Researchers have found that children who have suffered violence or trauma appear to age faster, puberty earlier, and have greater signs of aging in their cells.
They say that these findings increase the workload and indicate that early adversity may be “bio-implanted” and may have an adverse effect on health later in life.
Dr. Katie McLaughlin, a co-author of the Harvard University study, said: “These findings also have obvious practical implications.”
McLaughlin and her colleagues wrote in the Psychological Bulletin how they analyzed 54 studies to study the effects of two adversities on the onset of puberty and markers of cellular aging.
In both cases, the results show that children who have experienced violence or trauma but are not deprived have accelerated aging compared to children who have not experienced violence or trauma.
The numbers vary in different studies, but repeated exposure to violence seems to be related to girls having menarche several months earlier than their peers. Although the research team believes this may be important, it should be pointed out that early adolescence is related to mental and physical health problems.
The research team said that in the context of cellular aging (measured by shortening of telomeres, caps at the ends of chromosomes, and accumulation of methyl groups on DNA), children who have suffered violence or trauma appear to be months or even years older than their age. They really are.
“we know [these measures] It is a very powerful predictor of health outcomes and even mortality later in life. “Mclaurin said. Adult research shows that faster biological aging at the cellular level is associated with an increased risk of cancer to cardiovascular disease.

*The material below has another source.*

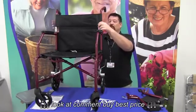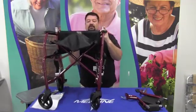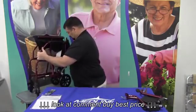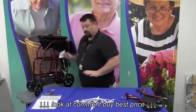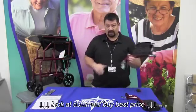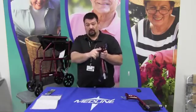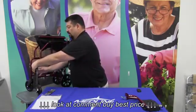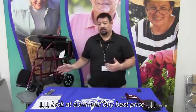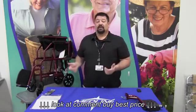At this point, have the person who's going to be in the chair sit down. Attach the legs — there are two silver posts on the outside and two holes on the bracket, one over the other. Slide it inside and it locks into place. Once it's locked, they're not going to move. Have them sit down.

The research team also studied another 25 studies on the effect of childhood adversity on the thinning of the cerebral cortex. As we age, the thinning of the cortex is related to the increase in processing efficiency.

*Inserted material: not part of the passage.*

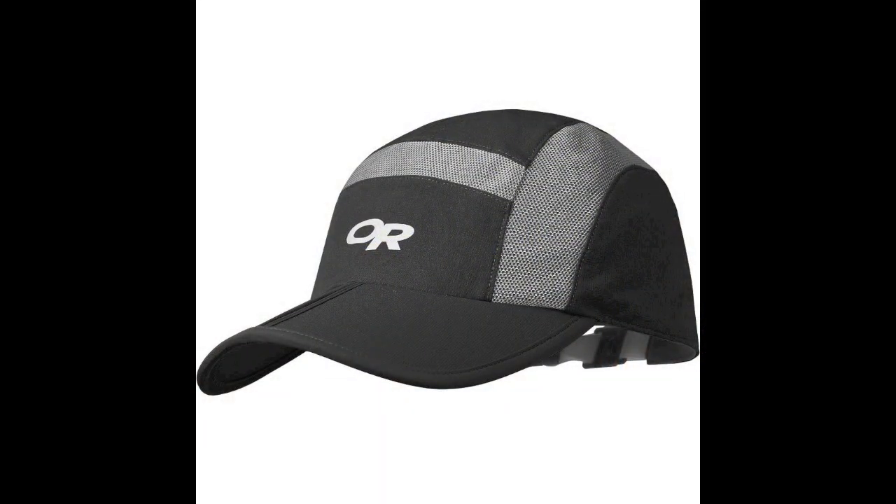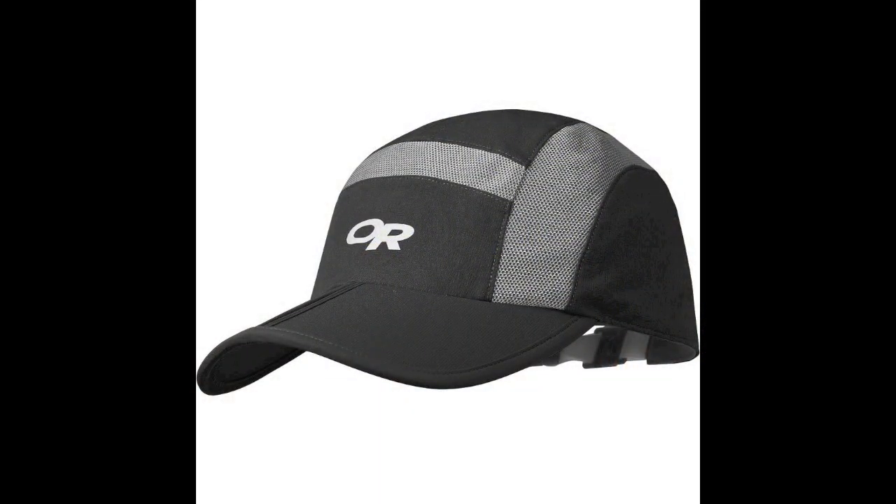I guess we'll just start talking about each one. My cap is called the Ferosi cap. And you can see some of the features on here where the silver lining is — those are reflective areas.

McLaughlin said: “We see that growing up in a dangerous environment accelerates the process of processing social and emotional information in the brain and helps us identify and respond to threatening areas.” She said this may be beneficial in the short term. , But other work suggests that this change may be related to an increased risk of mental health problems.
Among children who have experienced deprivation, different areas of the brain, including children related to memory and decision-making abilities, have also seen accelerated thinning.
For all signs of aging, the effects of childhood adversity seem to be proportional to the scale or severity of the experience. The research team pointed out that for each measurement method of aging, only a small number of studies have been conducted, and the role of heritability in the research results needs further review.
McLaughlin said, however, it makes sense that different forms of adversity have different effects. She said: “The type of adaptation that may help children adapt to a dangerous environment is completely different from the type of adaptation that may be needed in a deprived environment.”
Andrea Danese, professor of child and adolescent psychiatry at King’s College London, welcomed the research. “The results of the study indicate that a more detailed assessment of children’s experiences may help them understand the potential risks of their biological aging,” he said.
“In turn, this can guide further research to understand why age-related diseases (such as cardiovascular disease or some forms of diabetes) are more common in individuals who have experienced childhood adversity.”
But he also said that the differences are small, which means that they cannot be used to target individual children, and it is not clear why threatening experiences such as violence are associated with faster age.
He said: “The threat experience is related to several characteristics of children, families and communities. These characteristics can explain the observed differences and should be better understood.” “This will enable us to strengthen causal inferences and provide effective interventions. The development provides information to reduce the health burden associated with adverse childhood experiences.”